The Kenwood summer concerts are a conductor’s dream according to Nicolae Moldoveanu. Joel Taylor spoke to him


Concert-goers enjoy a day out at Kenwood House - pic courtesy of www.picnicconcerts.com/2005


Nicolae Moldoveanu

THERE is a clear buzz of excitement in Nicolae Moldoveanu’s voice as I talk to him regarding the Kenwood concert he is due to conduct on Saturday night.
His one major worry, though, is the weather.
“In terms of reward for the conductor,” he exclaims, “the programme is the best you can get.
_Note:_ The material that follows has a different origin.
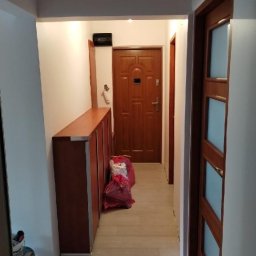 PHU SZAFIR - Wykończony korytarz z drewnianą szafką, drzwiami i panelami podłogowymi w odcieniach beżu. Widoczny worek z materiałami budowlanymi i wiadro z farbą.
But it all depends on the weather.”
It is the third time that the Romanian-born, Swiss-naturalised, conductor, pianist and violinist, has performed at the Music on a Summer Evening series at Kenwood House.
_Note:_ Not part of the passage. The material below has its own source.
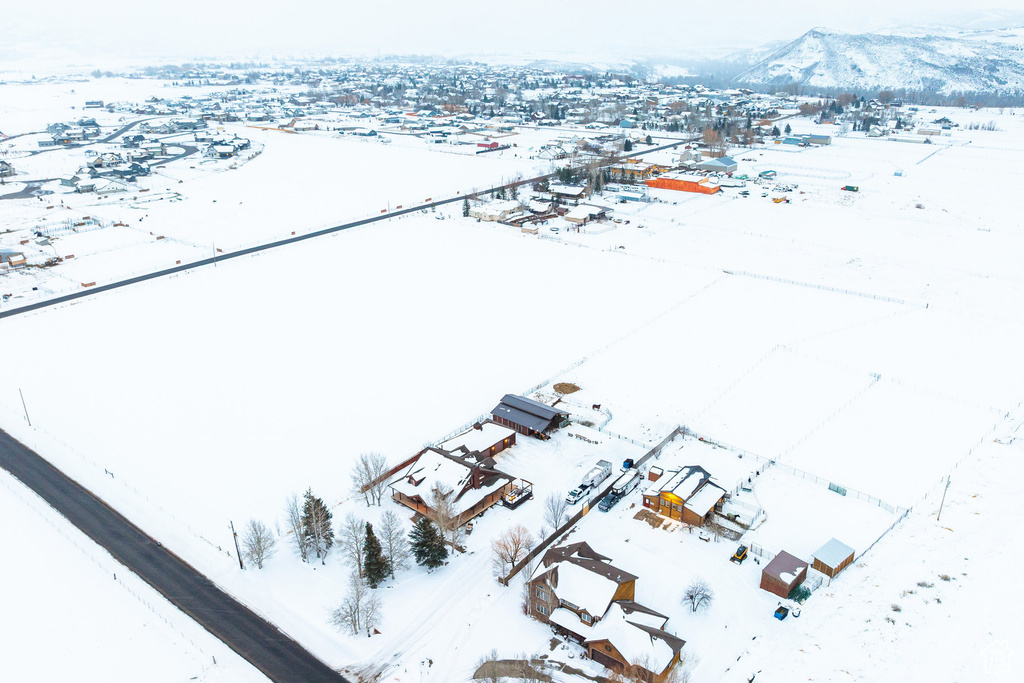 Snowy aerial view with a mountain view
The programme seems to include all the best bits from everybody’s favourite operas, such as Puccini’s Nessun Dorma, from Turandot, Verdi’s Chorus of the Hebrew Slaves, from Nabucco, and no doubt a rousing version of Wagner’s The Ride of the Valkyries.
But bitter experience at outdoor concerts tells him how important it is to have a clear evening.
He says: “Outdoor concert venues are really nice if the weather is good, but if it is poor it is difficult. I have had some bad experiences, not at Kenwood, but I remember one evening several years ago when I was conducting an outdoor concert in Chester.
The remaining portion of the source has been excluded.